Imagine, if you will, a post-apocalyptic landscape where the remnants of the Cold War have mutated into a fever dream of papier mâché fin headed soldiers and incoherent plots. This is a motion picture which sneers at jumping the shark and instead assembled a commando unit of them to lead an assault on your sense of sight, sense of sound and, eventually, sense of sanity.
Set in a dystopian future, where the Soviet Union, resurrected and angrier than ever, unleashes an army of half-man, half-shark hybrids upon an unsuspecting America. Leading this piscine platoon is the fearsome Commander Komodo (Ken Van Sant), whose performance is as wooden and sturdy as a rotten log floating in a swamp. Defending the good old U S of A is the Marty Warbuck (Simeon Qualiana), accompanied by the brainy yet bewildered Doctor Klaus (Andrew Elias). Together, they must navigate a plot so full of holes, it makes a fishing net look solid by comparison.
Prior to January 6th, this film held the record for largest number of gravy seals playing dress up soldiers and while – for a couple of minutes at least – it initially promises the same knowing goofy fun as House Shark, those hopes are soon dashed by this witless, piss-poor excuse for a film that astonishingly – at an hour and twenty-two minutes – feels about two hours too long.

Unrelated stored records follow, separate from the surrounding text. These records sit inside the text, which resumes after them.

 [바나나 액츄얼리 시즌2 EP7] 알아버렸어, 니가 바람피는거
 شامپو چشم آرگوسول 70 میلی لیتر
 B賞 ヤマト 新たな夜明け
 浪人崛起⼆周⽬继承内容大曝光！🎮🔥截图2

It’s reach exceeds its grasp by such a degree that they’re likely in different time zones and while the plot and writing are, on their own terms, execrable, the filmmaking execution takes something bad and makes it so much worse. Camerawork, acting, directing, costumes, make-up and props are all delivered with egregious ineptitude, as if each production department were competing with each other to deliver the worst possible product.
And then there’s the special visual effects. Like alcohol according to MacBeth’s Porter, the use of cheap off-the-shelf digital FX packages provoke the desire but take away the performance. They’re so clumsily and stupidly deployed that rather than covering up the paucity of the physical production, they amplify its inadequacies.

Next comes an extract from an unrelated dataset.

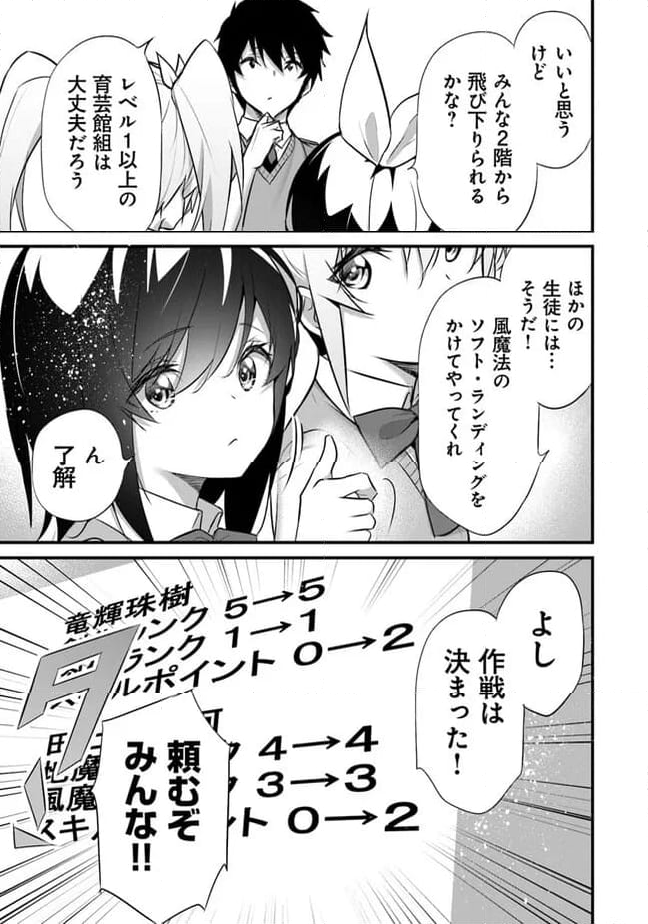 ぼくは異世界で付与魔法と召喚魔法を天秤にかける - 第23話 - Page 6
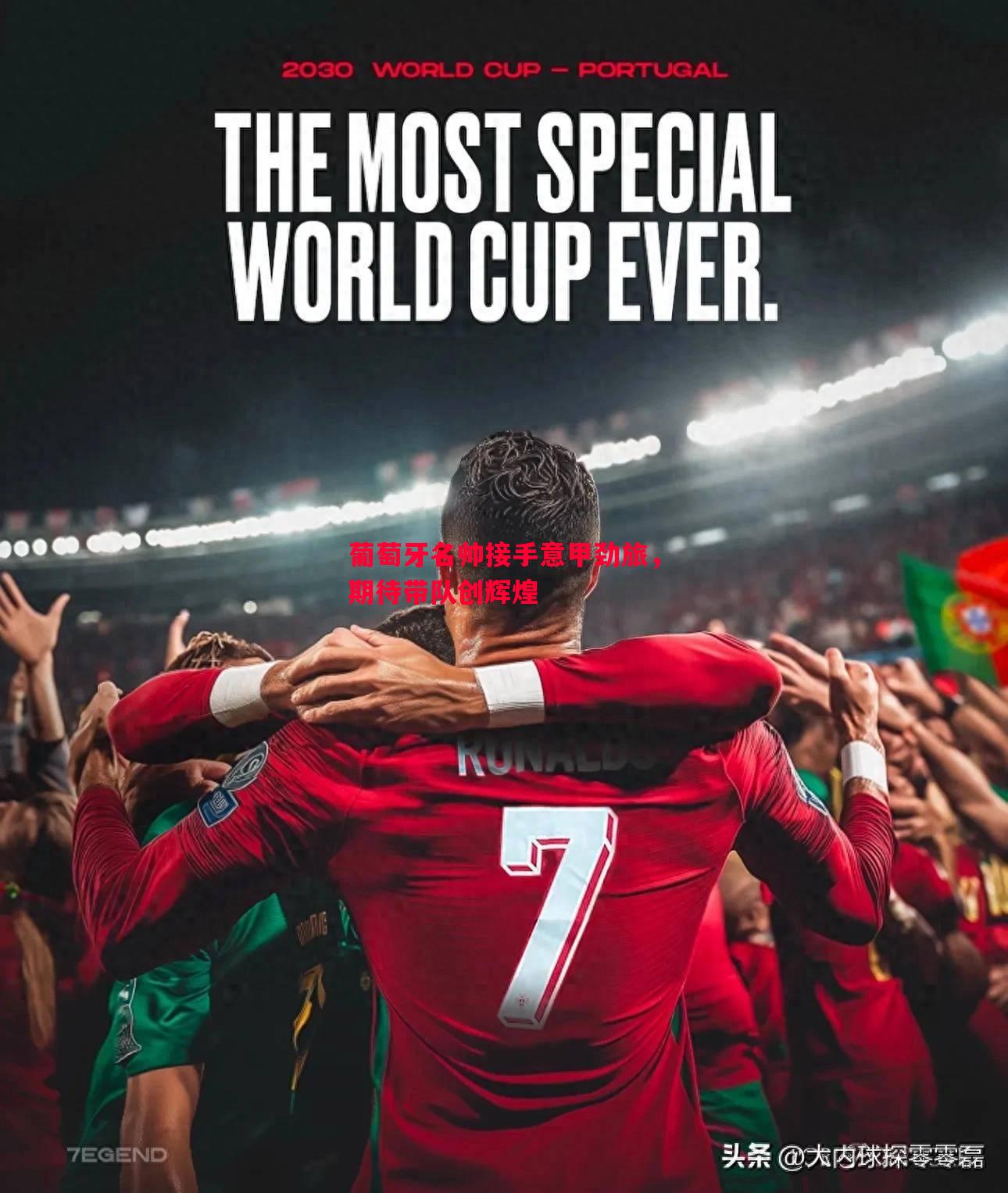 葡萄牙名帅接手意甲劲旅,期待带队创辉煌 葡萄牙名帅接手意甲劲旅,期待带队创辉煌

Much of its abject awfulness might be forgivable if it was even the slightest bit funny, but it’s not. It may have been fun to make – if it was, any sense of it is kept far enough away from the screen so as not to disturb the audience – but it sure as shit isn’t fun to watch. It may be laughable, but you won’t be laughing. Whatever this micro-budget monstrosity cost to make, it was too much. If I could give this a negative score I would.